--- Given information Enclosed Below ---

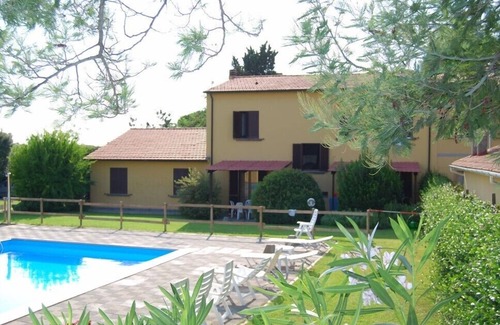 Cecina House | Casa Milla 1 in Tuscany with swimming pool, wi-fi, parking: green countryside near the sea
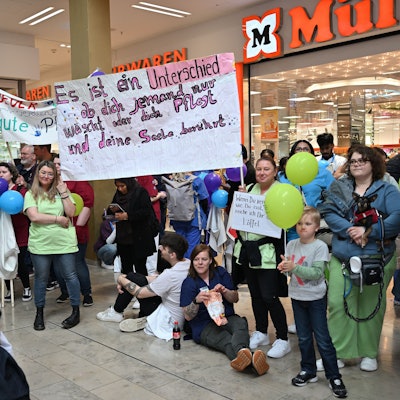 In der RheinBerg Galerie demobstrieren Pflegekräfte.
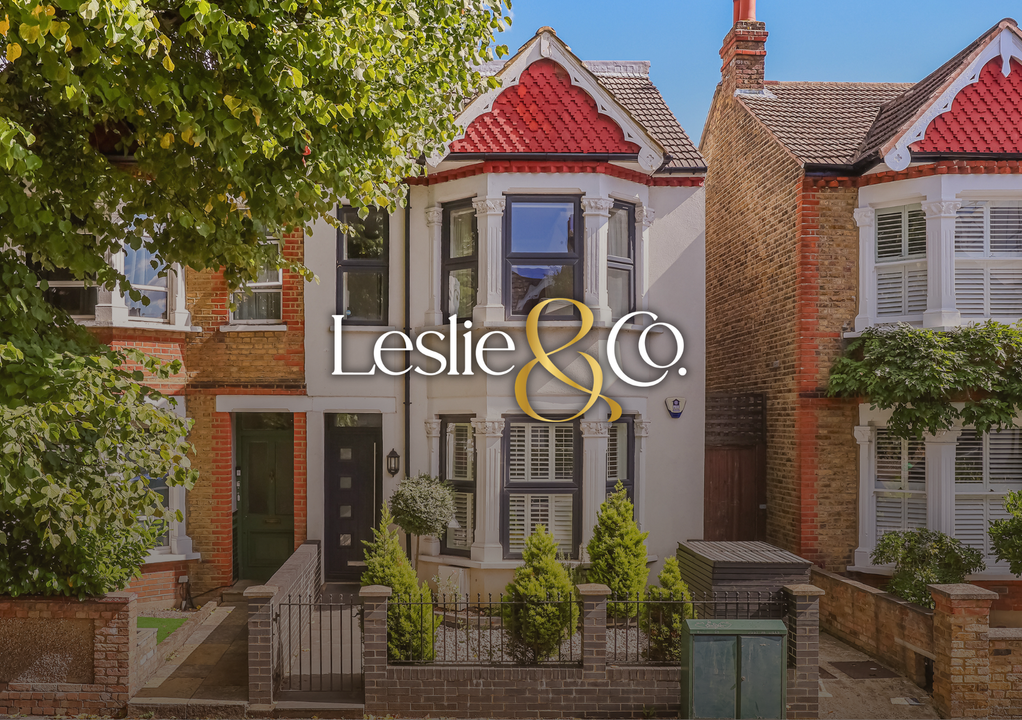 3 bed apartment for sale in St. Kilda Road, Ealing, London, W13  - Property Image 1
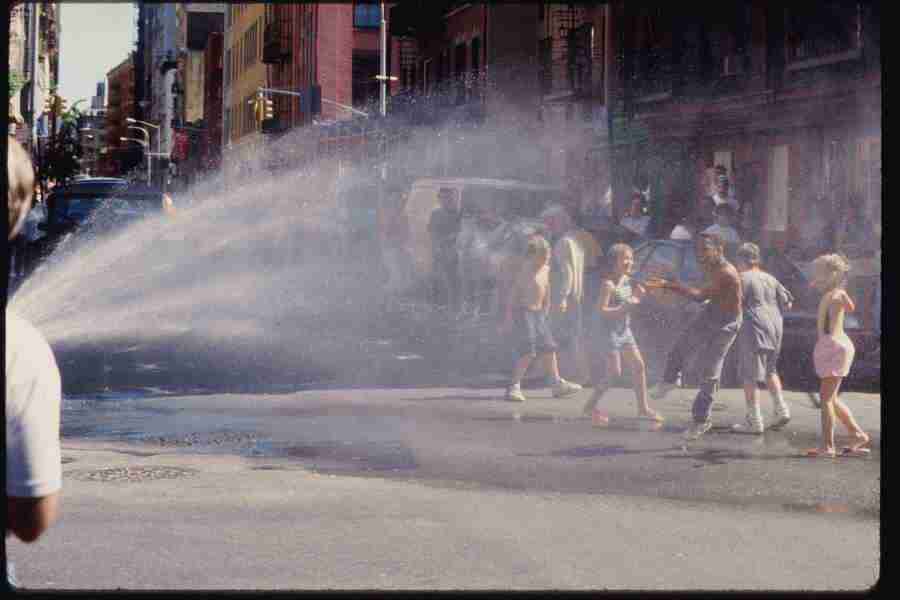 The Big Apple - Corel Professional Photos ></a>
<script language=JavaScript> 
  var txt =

--- End of Enclosed Given information ---
--- Given information Enclosed Below ---

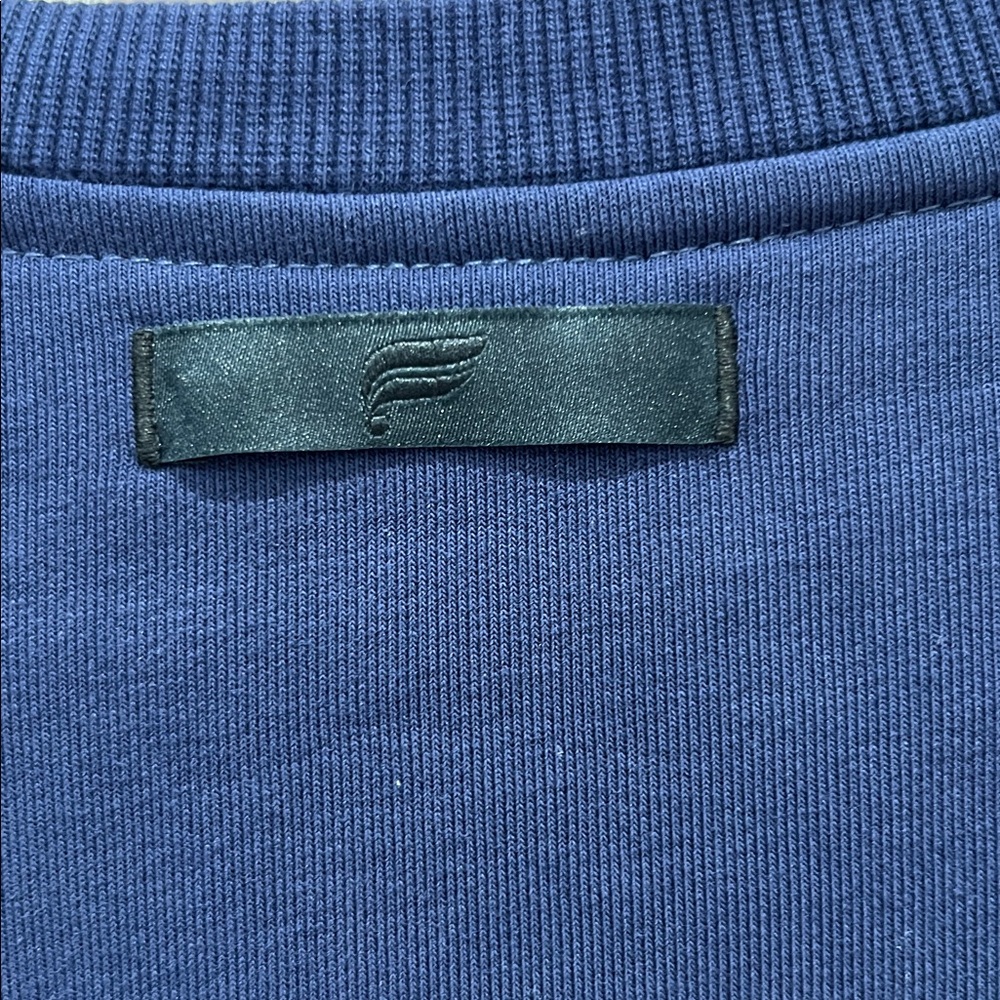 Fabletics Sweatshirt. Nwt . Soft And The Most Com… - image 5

--- End of Enclosed Given information ---
--- Given information Enclosed Below ---

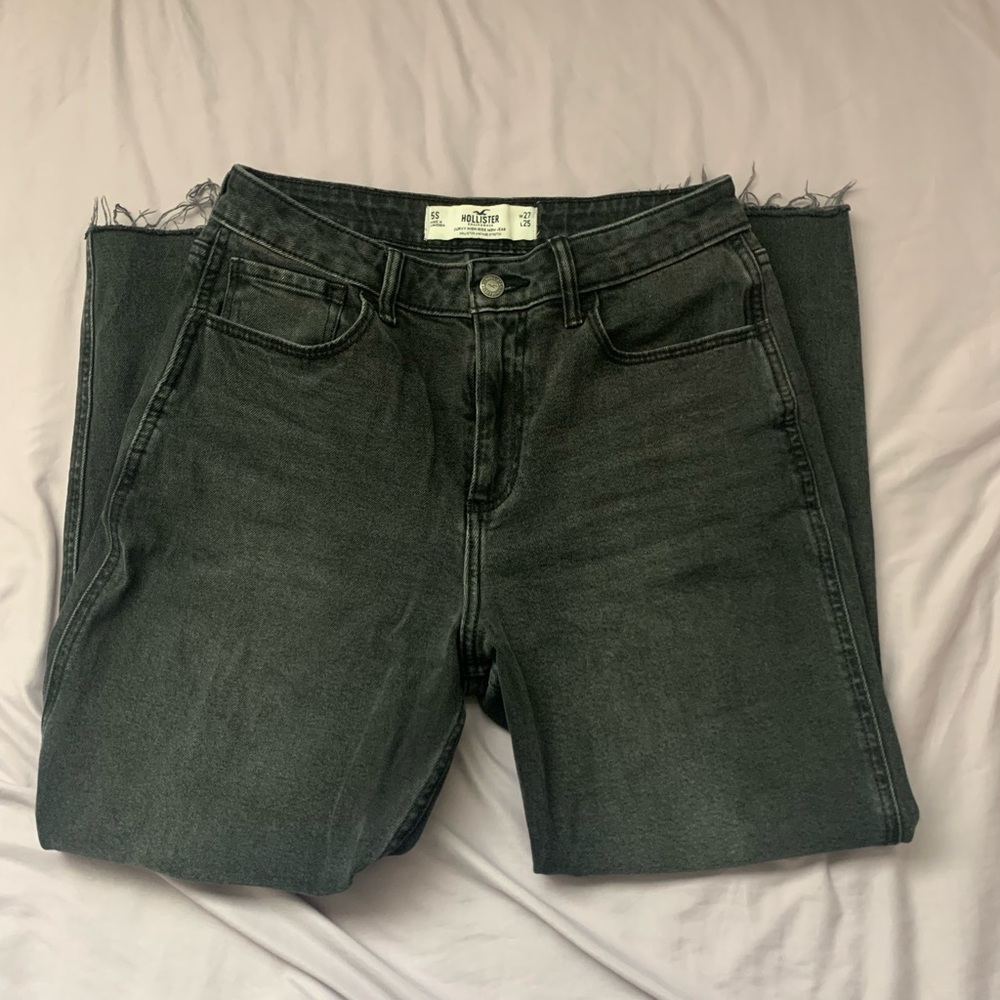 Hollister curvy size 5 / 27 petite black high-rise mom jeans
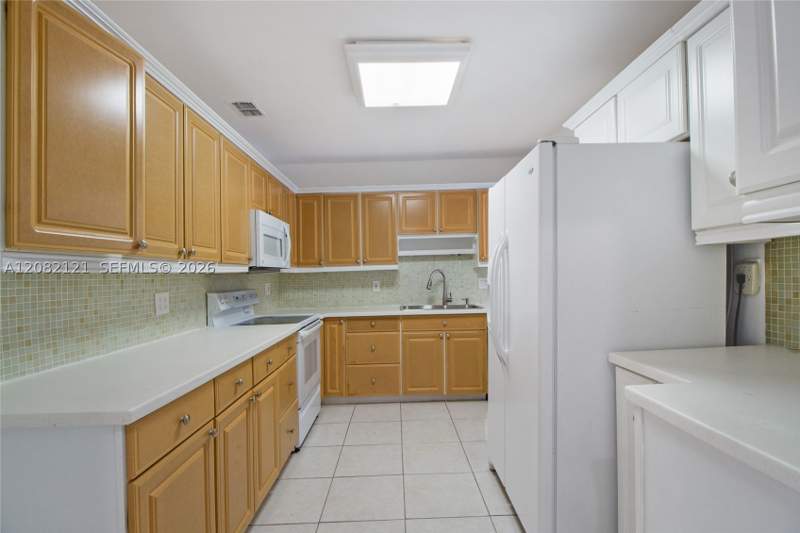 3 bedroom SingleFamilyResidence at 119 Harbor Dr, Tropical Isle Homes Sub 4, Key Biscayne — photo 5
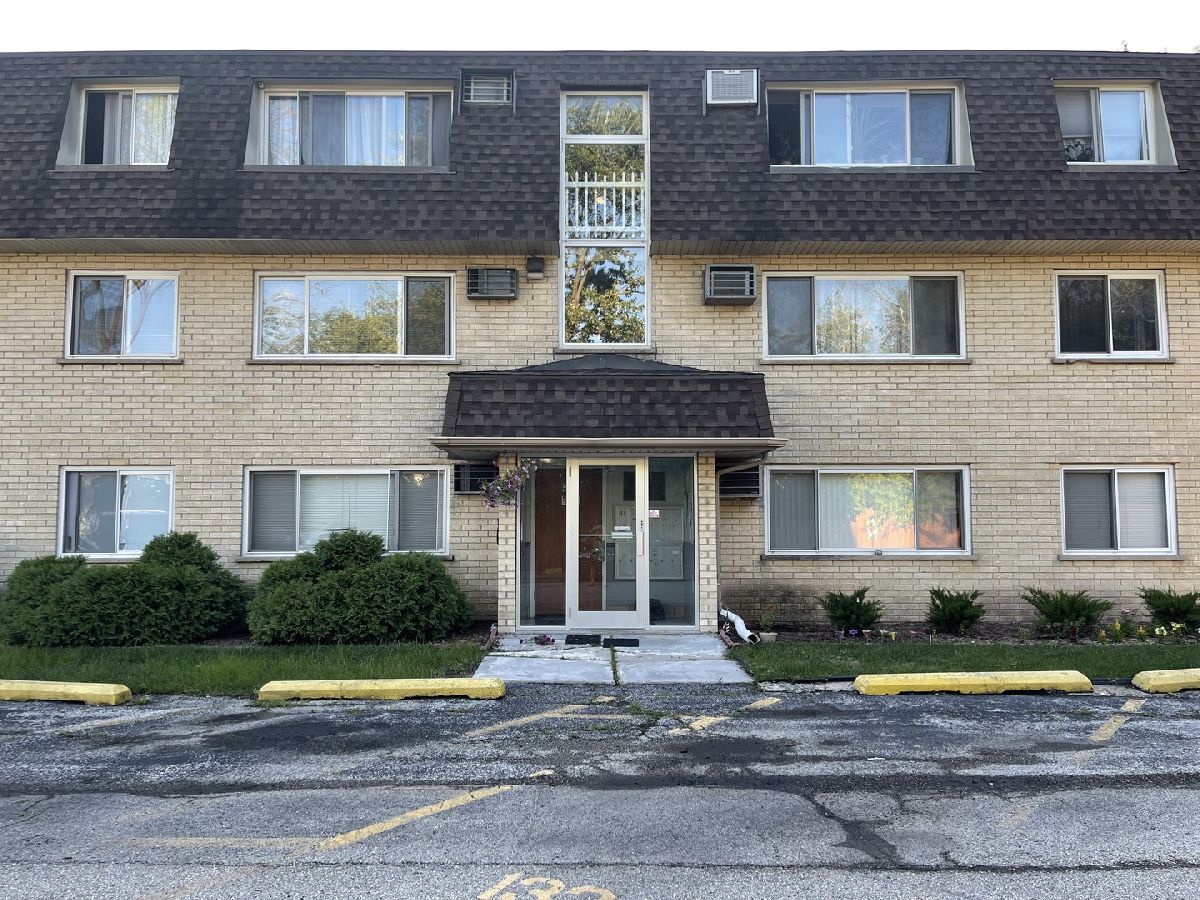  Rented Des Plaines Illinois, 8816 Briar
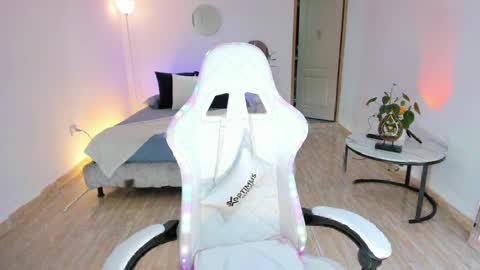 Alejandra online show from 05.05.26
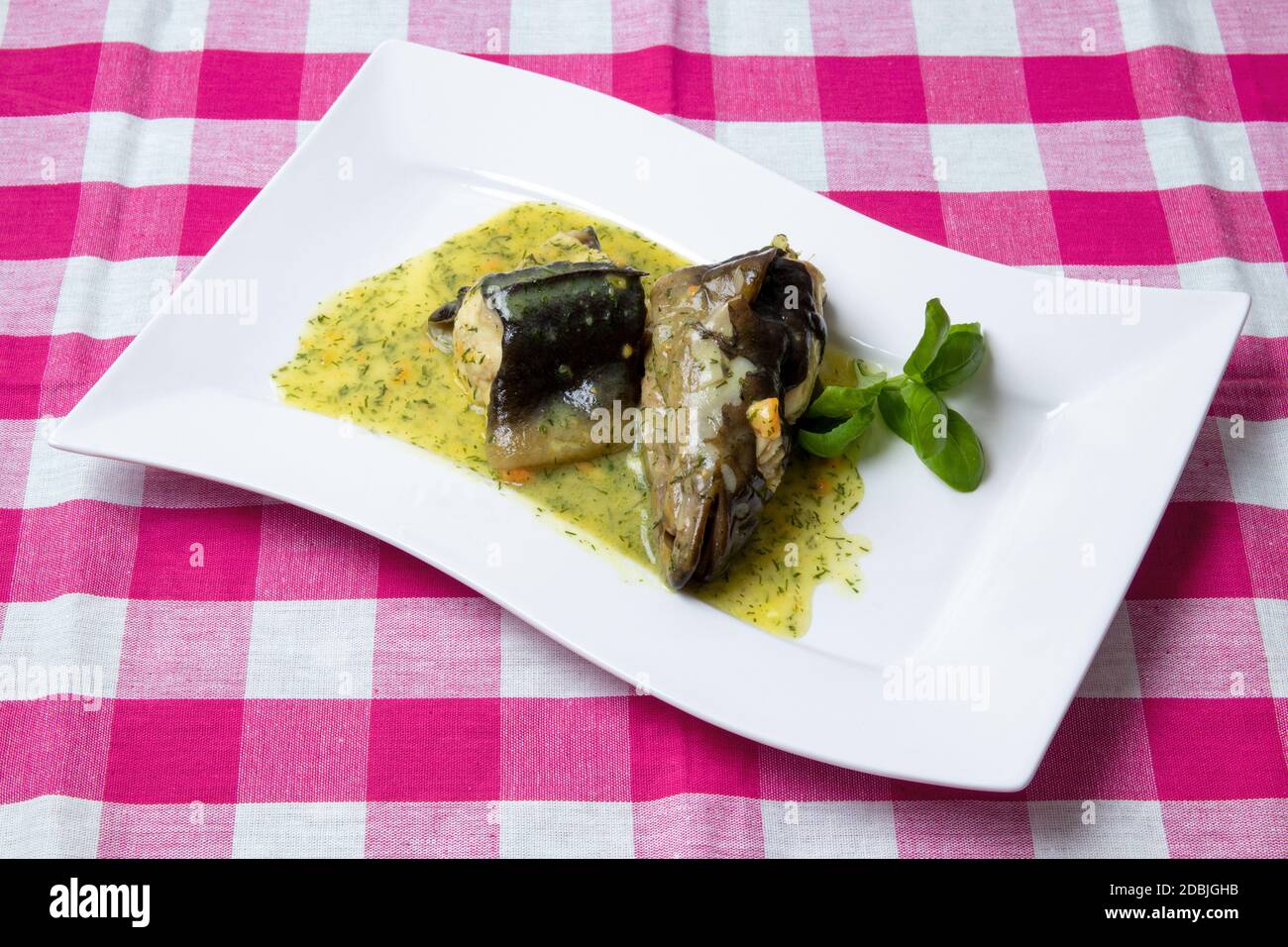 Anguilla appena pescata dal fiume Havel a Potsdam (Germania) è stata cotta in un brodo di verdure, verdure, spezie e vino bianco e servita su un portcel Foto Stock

--- End of Enclosed Given information ---

Range to print from the listing above: from the line with "Alejandra online show from 05.05.26" up to and including the line with "Anguilla appena pescata". Please print those lines exactly, with no pictures and nothing more.

Exercise answer:
 Alejandra online show from 05.05.26
 Anguilla appena pescata dal fiume Havel a Potsdam (Germania) è stata cotta in un brodo di verdure, verdure, spezie e vino bianco e servita su un portcel Foto Stock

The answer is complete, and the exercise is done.